Early-life undernutrition and asthma

Early-life undernutrition is closely correlated with higher risk of asthma in offspring.  The early life is critically important for later adult health.  Early-life undernutrition leads to growth restriction and it can be responsible for impaired lung development and respiratory function from the fetal period to adulthood.

Asthma involves chronic allergic airway inflammation characterized by airway hyperreactivity, mucus overproduction, airway wall remodeling and airway narrowing. TH2 cells play a fundamental role.  Previous studies have suggested maternal diets, such as high fiber diets and vitamin D supplementation can influence cell functioning in offspring, but the role of maternal malnutrition remains unclear.

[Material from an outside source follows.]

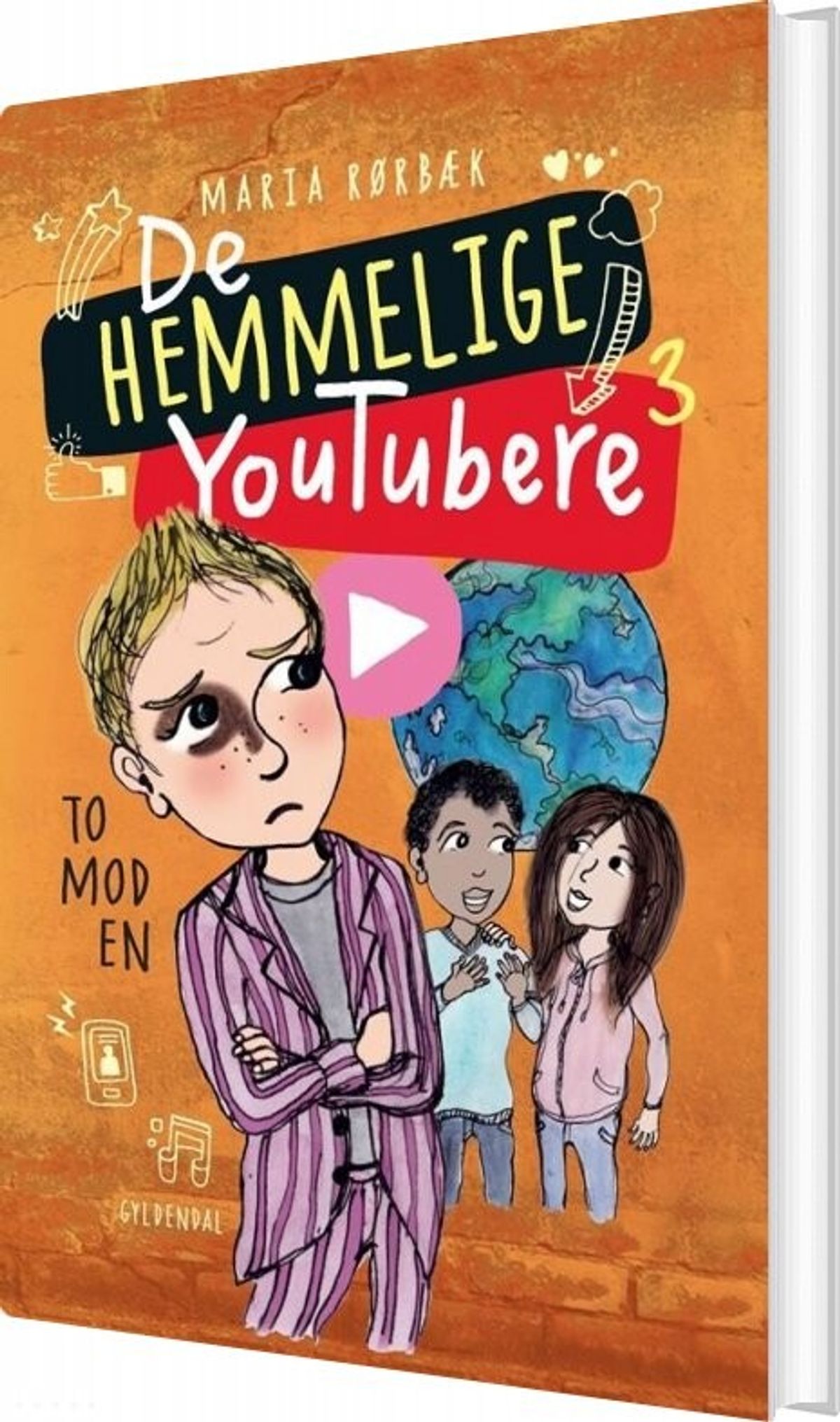 De Hemmelige Youtubere 3 - To Mod En - Maria Rørbæk - Bog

The underlying mechanism of asthma susceptibility induced by intrauterine undernutrition is poorly understood.  In a recent study in the Journal of Allergy and Clinical Immunology, researchers reported how undernutrition during pregnancy reprograms cell functions to facilitate asthma as follows:

  • Undernutrition during pregnancy promotes TH2 cells (allergy ones) leading to asthma.
  • The breakdown of sugar is responsible for increased TH2 cells in the setting of intrauterine undernutrition.

Exposure to a suboptimal early-life nutritional environment can have a long term influence on adults and the formation of asthma.  The undernutrition promotes allergy cell proliferation and leads to asthma susceptibility.  These findings are in concordance with the current view that asthma has its origins in early life.  Maternal diets have the capacity to remodel metabolic pathways and epigenetics within offspring immune cells that can lead to the pathogenesis of other developmental origins of adult disease.

This study was performed in mice, so it may not necessarily translate to humans, but the main conclusions of this study provides insight that what happens early in utero can translate to asthma disease in the offspring.  It would be interesting to see if other diseases may in fact have their origins in utero as well.  But for now, it seems that asthma can originate even before a child is born.